A number women have generously shared their wisdom and their work on behalf of the Great Lakes Basin, so for Women's History Month, here are excerpts from their interviews.
Sunset from St. Joseph, MI (photo by Dan Robinson)
“Where is this call coming from? Who is actually calling us back? It’s Her. Everyone still calls her Mother Earth. Why? It’s not just Anishinaabe people... That’s foundational in a lot of
Anishinaabe teachings, but it’s also foundational in a lot of people’s teachings. If you think about who it is that brings forth that care and that healing. Who is it? It’s Her. And if you think about what we’re modeling now, it’s the patriarchy, the mainstream patriarchy, that has become this existence that has just consumed the world. And there She is, struggling to pull Herself back, and She’s calling very deeply.”
-Katy Brisette, a member of the Red Cliff Band of Lake Superior Chippewa (Ojibwe) tribe, and runs, along with her partner Jerry Jondreau, Dynamite Hill Farms in the Upper Peninsula of Michigan
“We get maybe overeager as to what we can do to help, and then we don’t really sit back and really listen to the environment. Or really watch and observe it. It has its own cycles. Resilience has been a huge theme in my life up to this point. And I think resilience is something that we see all the time in nature. So, I feel we have a lot to learn in terms of patience, resilience, understanding, appreciation from our lakes.”
-Stephanie Prechter, a Michigan-based professional photographer whose work has also included suicide prevention and promoting brain health
“Water was really one of the reasons we were all here (on the Leelanau Peninsula). And I felt that it might be important to have some kind of a tribute or a blessing, maybe a water blessing... Your thoughts are very powerful. Just thinking, ‘thank you,’ is extremely important. To just kind of quietly hold a moment of joy that's coming from your heart is very important.”
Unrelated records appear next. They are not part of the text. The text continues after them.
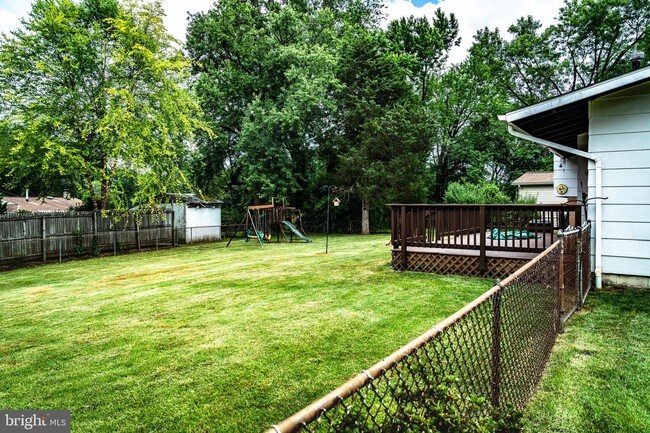 Building Photo - 11121 Byrd Dr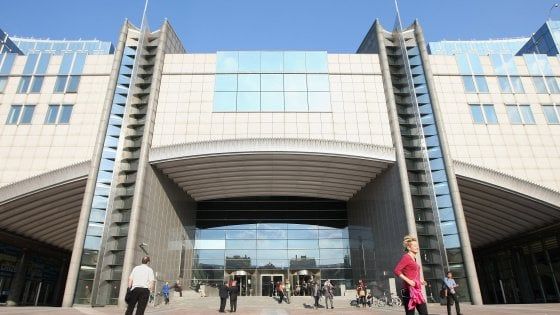 L’Europa alza la voce ma non spaventa Pechino. Al via il vertice Ue-Cina a Bruxelles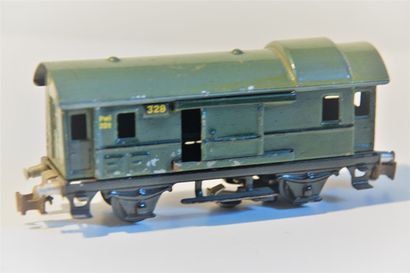 null MÄRKLIN 328/3 (1938) wagon à bagages, éclairage intérieur, 2 axes, vert, attelage...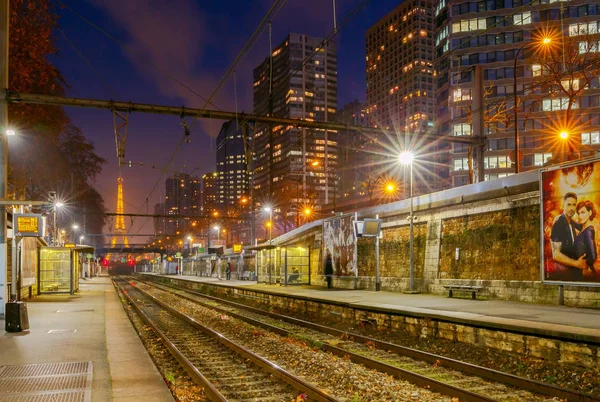 パリ。市内中心部の地下鉄駅. — ストック写真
-Marie Elena Gaspari, a master wisdom teacher with 40 years of spiritual exploration, study, and practice, as well as an award-winning poet
“I read a chapter by a woman named Jennifer Harvey in a book called Buffalo Shout, Salmon Cry. That was a book done in collaboration with white descendants of settlers, Christians
in Canada, as well as indigenous thinkers, both Christian and non-Christian. And Jennifer Harvey wrote an article that really pricked my conscience and got me thinking. She said, ‘Christians who are concerned about the environment and working for the land must take seriously (and if they don't take it seriously, it's almost as good as not doing it at all) must take seriously the idea of reparations or return of land to the people whose land this originally was, must take seriously land reparation to Indigenous communities.’”
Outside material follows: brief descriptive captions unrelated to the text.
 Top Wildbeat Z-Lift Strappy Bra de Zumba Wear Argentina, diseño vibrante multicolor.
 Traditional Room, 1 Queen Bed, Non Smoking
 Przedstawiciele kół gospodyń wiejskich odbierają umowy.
-Brenna Cussen-Anglada, a member of the St. Isidore Catholic Worker Farm in southwest Wisconsin and part of “The Four Necessity Valve Turners,” who await trial for attempting to turn off a valve on Enbridge Energy Corporation’s Line 3 pipeline
“The native people who have been fortunate enough to remain on their ancestral lands have this really deep connection. It's almost like a dance, if you are connected to land for such a long time. You sort of adapt yourself to the rhythms of the seasonal cycle. You plant at a certain time, you celebrate at a certain time, and if you're able to adapt yourself to the rhythms of this landscape, that's fine... European settlers didn't adapt to the rhythms of this landscape. They superimposed their own rhythms onto it. And I think that's led us to where we are today.
“So, Seventh-Generation Thinking tells us that in this generation, we have an obligation to act in a certain way and to make decisions for the benefit of those that will be on this earth seven generations into the future. So we're thinking about 200 years, what's best for my great grandchildren and your great, great, great grandchildren. And it obligates you to this sort of selflessness and this generosity and wisdom and farsightedness... And we need that kind of thinking more than ever. I think there's probably no greater gift that native people can give mainstream society.
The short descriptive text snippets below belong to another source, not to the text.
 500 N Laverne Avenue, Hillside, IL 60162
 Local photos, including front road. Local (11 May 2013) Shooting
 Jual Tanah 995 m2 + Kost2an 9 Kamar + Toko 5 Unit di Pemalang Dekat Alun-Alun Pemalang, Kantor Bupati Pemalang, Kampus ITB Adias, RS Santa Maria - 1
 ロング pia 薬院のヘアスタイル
-Dr. Patty Loew, a member of the Bad River Band of Lake Superior Ojibwe, a professor in the Medill School of Journalism at Northwestern University, and Director of Northwestern’s Center for Native American and Indigenous Research
“At the time of darkness of environmental and climate injustices to the most vulnerable, current and future generations at home and around the world, it is important for us to do
everything we can. Prophet Mohammed (PBUH) is reported to have said: If doomsday is about to take place while anyone of you has a tree sapling in your hand, which you can cultivate, then cultivate it for you will be rewarded. This active message of hope inspires me, as I consider Wisconsin Green Muslims to be my tree sapling that is full of possibilities and challenges.”
-Huda Alkaff, an ecologist, environmental educator, and the Founder and Director of Wisconsin Green Muslims
– “The Clean Water Act and Great Lakes Water Quality Agreement goals of restoring and maintaining the chemical, physical and biological integrity of the waters of the Great Lakes, which is what their goal is stated, should include spiritual - to restore and maintain the physical, chemical, biological and spiritual integrity of the waters of the Great Lakes, or
maybe of the Great Lakes ecosystem.
“The mindset of what we're doing is good, (I think there's been a lot of good restoration work
done and there's been some protection done), but if we're going to do things to the Great Lakes to give them back their integrity, we have to do something just as much to ourselves. Because, if we're getting a Great Lakes Restoration Initiative grant to build habitat here, and meanwhile we're allowing one more subdivision into the floodplain (which is what we're doing) then we're not considering ourselves as part of the integrity of that water system. So, it's a spiritual thing. It's like we are part of this. It is continuous with us. It's not separate and something we can fiddle with.”
-Dr. Margaret Wooster, a former director of Great Lakes United, as an environmental activist and writer whose focuses on protecting the waterways and wetlands of western New York state
“Anything that tries to transcend or see mortality or death as somehow wrong, or limited, it just doesn't work for me. I would like to think I have a spiritual understanding or sense of
engagement and embeddedness in the watershed and in the Great Lakes and in place. But it's not at all about transcendence or eternity or something other than things of the earth... Human endeavors are not necessarily where my sense of value lies. My sense of value lies in the water, in the air and the birds and the earth. But it doesn't have to transcend death.”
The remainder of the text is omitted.